There are many different reasons why the police might stop you. Whatever the reason, the officer needs your cooperation.

  • You may have committed a traffic violation.
     
  • You may fit the description of a suspect.
     
  • The officer might think you are in trouble and need help.
     
  • You may have witnessed a crime.

If you are stopped by the police while driving, you may feel confused, anxious or even angry. These are natural feelings, but remember traffic stops can also be stressful and dangerous for the police officer. Each year, a number of law enforcement officers are killed or seriously injured while making the "routine traffic stop". Police officers are especially vulnerable during the hours of darkness.

With this in mind, there are things that you, as a law-abiding citizen, can do to help lessen the unpleasantness of the experience.

WHEN STOPPED BY POLICE REMEMBER:

A police officer may pull you over at any time for a traffic offense or police investigation.

  • When you see the red and blue overhead lights and/or hear the siren, remain calm and safely pull over to the right side of the road.
     
  • Remain in your vehicle unless the officer advises otherwise.
     
  • Keep your hands on the steering wheel so the officer can see them.
     
  • Avoid any sudden movements - especially toward the floorboard, rear seat or passenger side of the vehicle.
     
  • Do not immediately reach for your license or other documents until the officer requests them. Most State Laws require drivers to show their license, vehicle registration and insurance card upon request.
     
  • If your documents are out of reach, tell the officer where they are before you reach for them.
     
  • If you have a weapon in the vehicle, promptly notify the officer of its location.
     
  • If the stop occurs during darkness, turn on your dome or interior lights so the officer can easily see the interior of your car.
     
  • If there are passengers in your vehicle, encourage them to remain quiet and cooperate with the officer's instructions.
     
  • The officer may issue you a ticket. If you feel the reason is vague or unclear, politely ask the officer for details.
     
  • Avoid becoming argumentative. Arguing will not change the officer's mind. If you contest the violation, you will have an opportunity to address the matter in court.
     
  • Be honest with the officer. If you really did not see the stop sign or were unaware of the speed limit let the officer know. Being honest about any situation never hurts.
     
  • Finally, if you receive a ticket, accept it calmly. It is not an admission of guilt. Your signature is not always required. Signing it is not an admission of guilt.

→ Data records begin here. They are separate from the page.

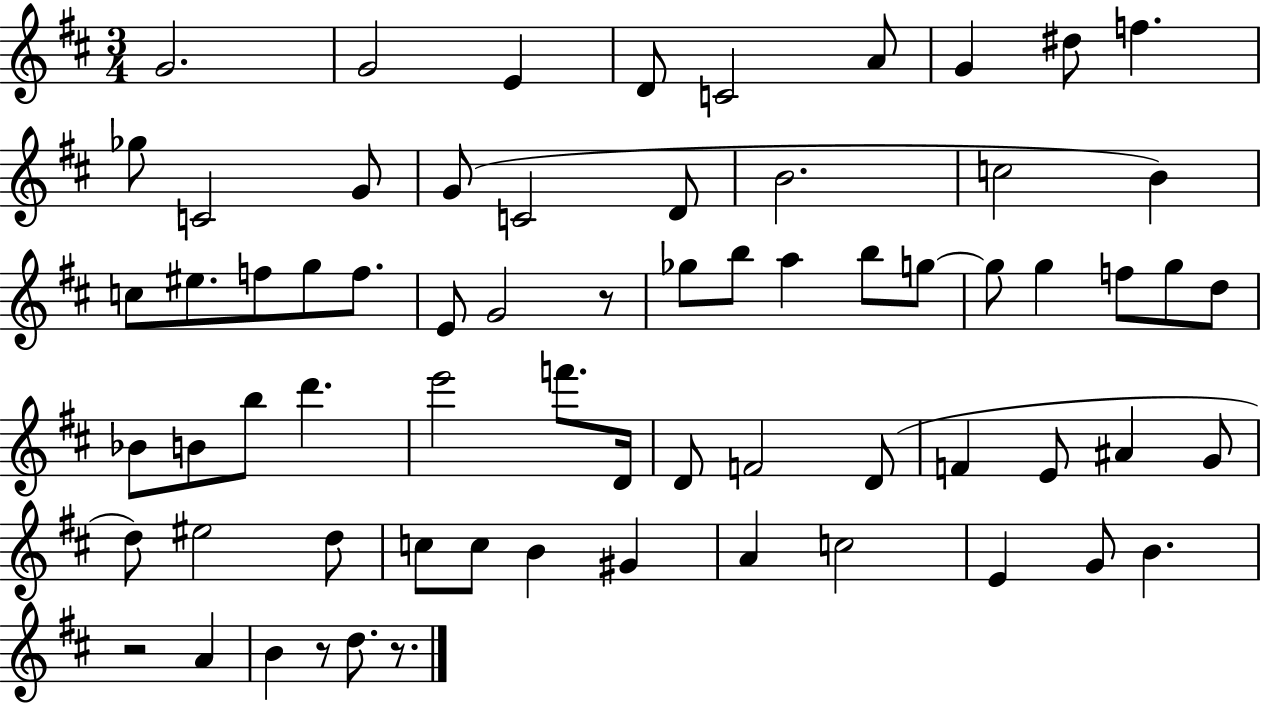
{
  \clef treble
  \numericTimeSignature
  \time 3/4
  \key d \major
  g'2. | g'2 e'4 | d'8 c'2 a'8 | g'4 dis''8 f''4. | \break ges''8 c'2 g'8 | g'8( c'2 d'8 | b'2. | c''2 b'4) | \break c''8 eis''8. f''8 g''8 f''8. | e'8 g'2 r8 | ges''8 b''8 a''4 b''8 g''8~~ | g''8 g''4 f''8 g''8 d''8 | \break bes'8 b'8 b''8 d'''4. | e'''2 f'''8. d'16 | d'8 f'2 d'8( | f'4 e'8 ais'4 g'8 | \break d''8) eis''2 d''8 | c''8 c''8 b'4 gis'4 | a'4 c''2 | e'4 g'8 b'4. | \break r2 a'4 | b'4 r8 d''8. r8. | \bar "|."
}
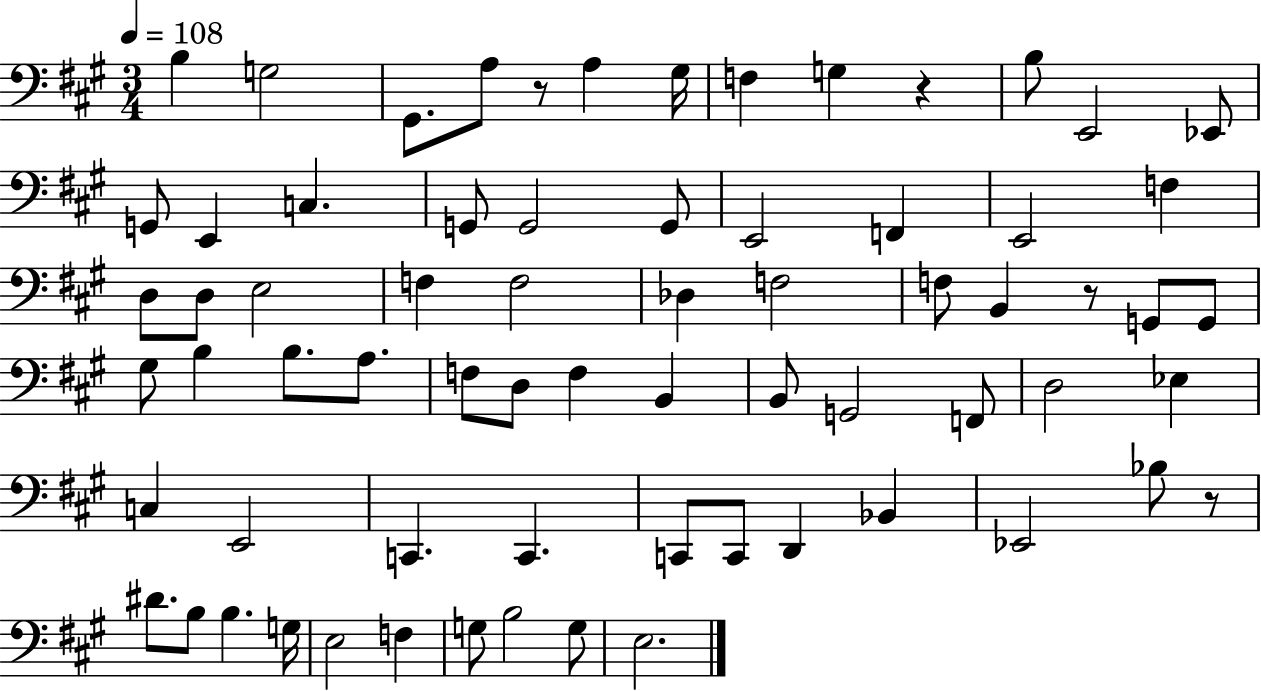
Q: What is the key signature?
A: A major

Each situation is unique and the police officer must alter his or her response to fit the circumstance.
 

A Police Officer:

  • Will provide his or her name and badge number upon request;
     
  • Who is not in uniform will present proper identification. You may request to examine their credential so that you are satisfied they are a law enforcement officer;
     
  • Will only use the force necessary to effect the arrest of a suspect and to maintain the custody of the prisoner;
     
  • Will not search the body of a person of the opposite sex except to prevent injury to the officer or another person, or to prevent the disposal or destruction of evidence; and
     
  • Will only arrest a person for a crime committed in the officer's presence, or when the officer has probable cause to believe the person has already committed a crime. If you are arrested do not resist.  You get to explain yourself in court.

Most states have traffic laws which requires that all drivers shall yield the right of way to emergency vehicles. Drivers are to immediately pull over to the right side of the road, stop and remain in a stopped position until the emergency vehicle has passed.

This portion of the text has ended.